9.2 About System Performance Tuning

9.2.1 About Performance Problems
9.2.2 Monitoring Usage of System Resources
9.2.3 Using the Graphical System Monitor
9.2.4 About OSWatcher Black Box

Performance issues can be caused by any of a system's components, software or hardware, and by their interaction. Many performance diagnostics utilities are available for Oracle Linux, including tools that monitor and analyze resource usage by different hardware components and tracing tools for diagnosing performance issues in multiple processes and their threads.

9.2.1 About Performance Problems

Many performance issues are the result of configuration errors. You can avoid such errors by using a validated configuration that has been pre-tested fore the supported software, hardware, storage, drivers, and networking components. A validated configuration incorporates the best practices for Oracle Linux deployment and has undergone real-world testing of the complete stack. Oracle publishes more than 100 validated configurations, which are freely available for download. You should also refer to the release notes for recommendations on setting kernel parameters.

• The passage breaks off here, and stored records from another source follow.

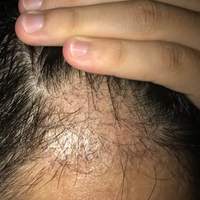 發(fā)際線用戶圖片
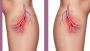 Can You Die from a Burst Varicose Vein: Myths vs. Facts?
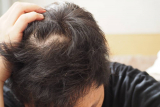 How To Prevent Hair Loss For Women
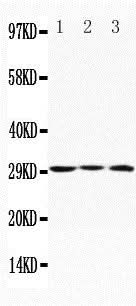 Anti-Apolipoprotein D/APOD Antibody Picoband® Boster Bio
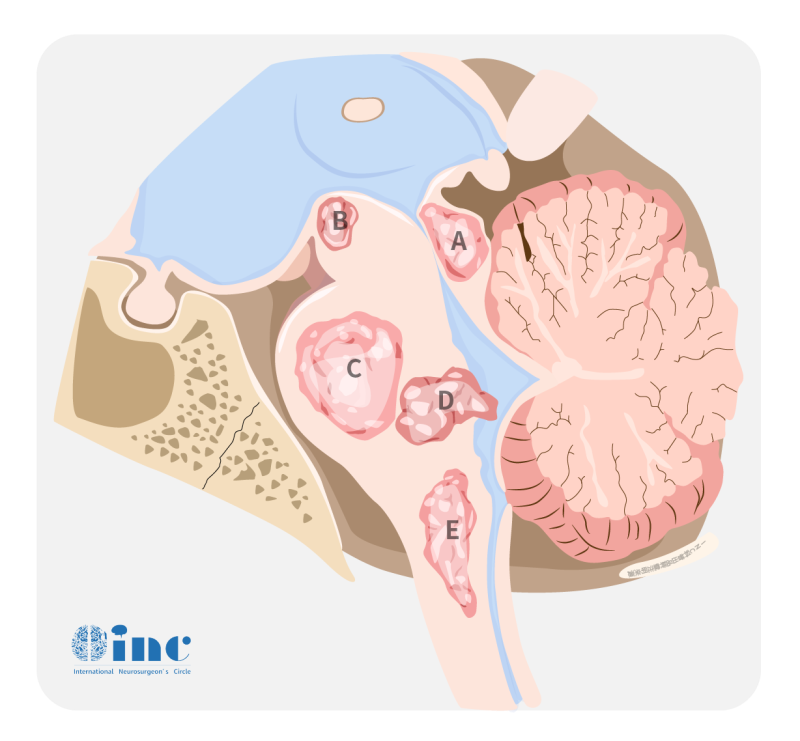 膠質(zhì)瘤死前一周癥狀是什么？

A typical problem involves out of memory errors and generally poor performance when running Oracle Database. The cause of this problem is likely to be that the system is not configured to use the HugePages feature for the System Global Area (SGA). With HugePages, you can set the page size to between 2MB and 256MB, so reducing the total number of pages that the kernel needs to manage. The memory associated with HugePages cannot be swapped out, which forces the SGA to remain resident in memory.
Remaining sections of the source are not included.